The Islamic State has claimed responsibility for the attack, calling it “an act of support” for the Prophet.
In Delhi, family members of Sawinder Singh were mourning the loss of a loved one, as they struggled to put behind the horrid images of attack.
While Singh’s wife was inconsolable, her brother Pupender Singh, 36, shared the sequence of events he pieced together.
“My brother-in-law ran a shop and offered ‘sewa’ at the Gurdwara Karte Parwan, and also lived in a room on its premises. I got a call yesterday morning from my younger brother who lives in Kabul that the gurdwara had been attacked. He along with his friend was on his way to Jalalabad, when they told the taxi driver to take them back to Kabul,” he said.
Kabul-born Pupender said they were an Afghan Sikh family and Sawinder Singh and several other family members were all born and raised in Afghanistan only.
“When my brother reached to Kabul, by that time Taliban forces had already arrived and they were moving through the area. Multiple blasts had completed gutted the gurudwara. My brother then saw the body of our brother-in-law and called me to inform that ‘wo shaheed ho gaye hain’ (brother-in-law has been martyred),” Pupender Singh told PTI.
“We have the pictures and videos of his bullet-riddled body. There are bullet marks on his chest, at two places, and on a foot too. He was shot multiple times, and what information I have received from my brother in Kabul, he was shot dead while he was taking a bath in the bathroom. The door was found broken,” he said, with heaviness in his voice.
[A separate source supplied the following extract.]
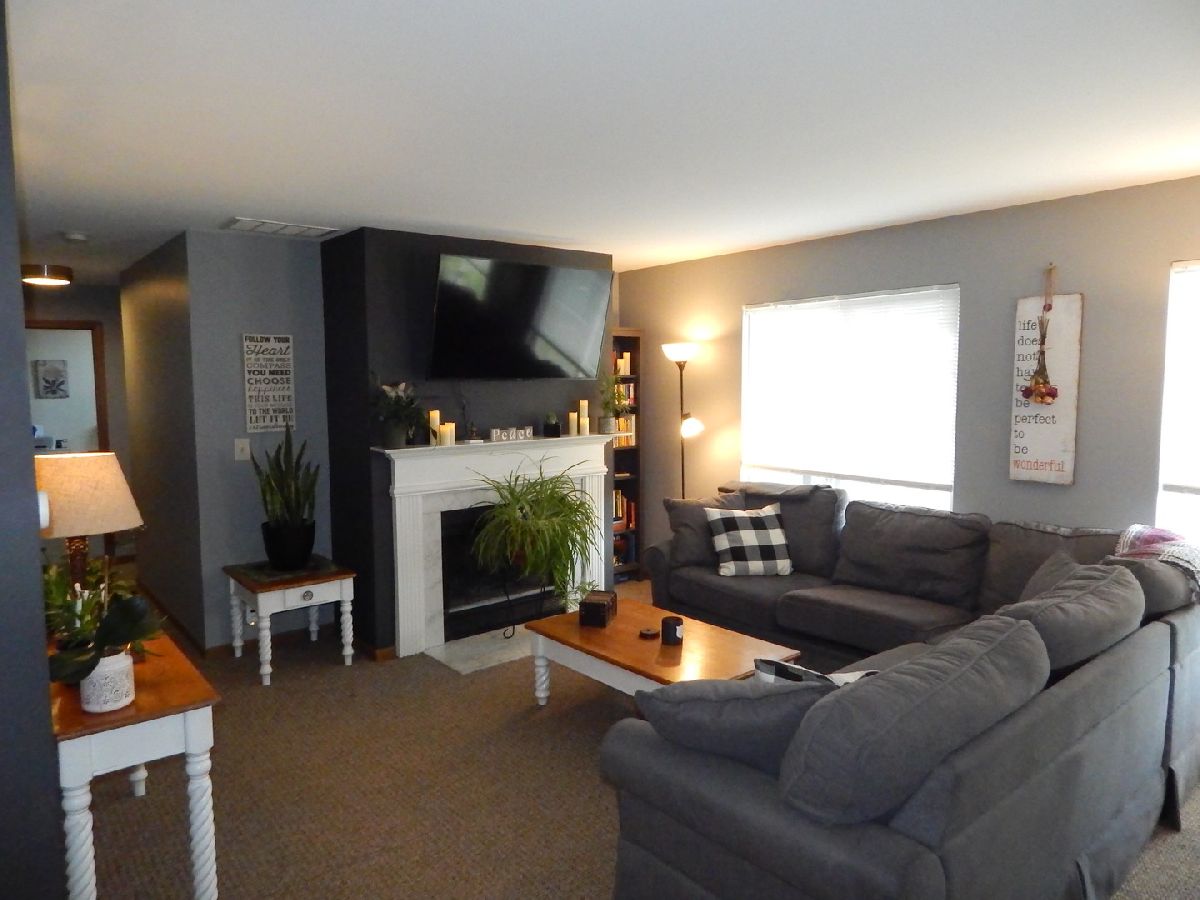 Townhomes Sold Sandhurst South Elgin Illinois, 426 Lowell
He’d not have died this brutally, had his visa come earlier: Wife
For Sawinder Singh, Kabul no longer felt home after the Taliban took over the Afghanistan capital last year. He ran a small ‘paan’ shop there, lived in a gurdwara, but always wanted to come to Delhi where his family lives.
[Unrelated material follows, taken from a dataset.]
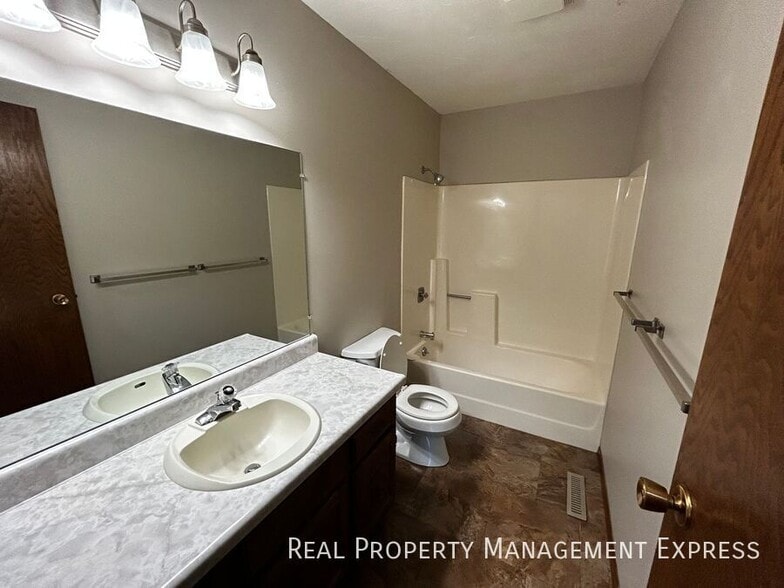 Building Photo - 3 Bedroom 2 Bathroom Home with a Fireplace...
He had applied for an e-visa. It was approved on Sunday. But the fear that gripped his wife for months had precipitated into reality a day before. The 60-something would never be home!
The Islamic State – Khorasan Province (ISKP), an affiliate of the Islamic State militant group has said that one of its fighters “penetrated a temple for Hindu and Sikh polytheists” in Kabul, after killing the guard, and opened fire on the worshippers inside with his machine gun and hand grenades.
It was the latest targeted assault on a place of worship of the Sikh community in Afghanistan.
The three attackers were killed by the Taliban forces.
In 2018, a suicide bomber struck a gathering in the eastern city of Jalalabad, whilst another gurdwara was attacked in 2020.
“My ‘mama’ (maternal uncle) was killed in the 2018 attack,” recalled Pupender, who moved to India in 2010 and now lives in a refugee settlement in Janakpuri.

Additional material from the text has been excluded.